▶ What you have to do: Transcribe word for word the lines below from the line with "Boland 51035 Children's" through the line with "Члены отряда ЮДП выступили в отделе полиции", ends included.

▶ Records:
-*-
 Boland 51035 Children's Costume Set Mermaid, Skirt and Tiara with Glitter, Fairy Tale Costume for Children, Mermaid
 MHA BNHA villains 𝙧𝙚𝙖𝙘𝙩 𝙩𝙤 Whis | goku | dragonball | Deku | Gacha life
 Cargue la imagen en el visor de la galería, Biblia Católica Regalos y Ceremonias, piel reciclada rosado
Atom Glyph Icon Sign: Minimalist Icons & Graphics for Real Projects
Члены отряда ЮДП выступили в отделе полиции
-*-
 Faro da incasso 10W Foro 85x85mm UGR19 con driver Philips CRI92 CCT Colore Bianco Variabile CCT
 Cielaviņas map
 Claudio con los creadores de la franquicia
-*-
▶ Answer area:
 Boland 51035 Children's Costume Set Mermaid, Skirt and Tiara with Glitter, Fairy Tale Costume for Children, Mermaid
 MHA BNHA villains 𝙧𝙚𝙖𝙘𝙩 𝙩𝙤 Whis | goku | dragonball | Deku | Gacha life
 Cargue la imagen en el visor de la galería, Biblia Católica Regalos y Ceremonias, piel reciclada rosado
Atom Glyph Icon Sign: Minimalist Icons & Graphics for Real Projects
Члены отряда ЮДП выступили в отделе полиции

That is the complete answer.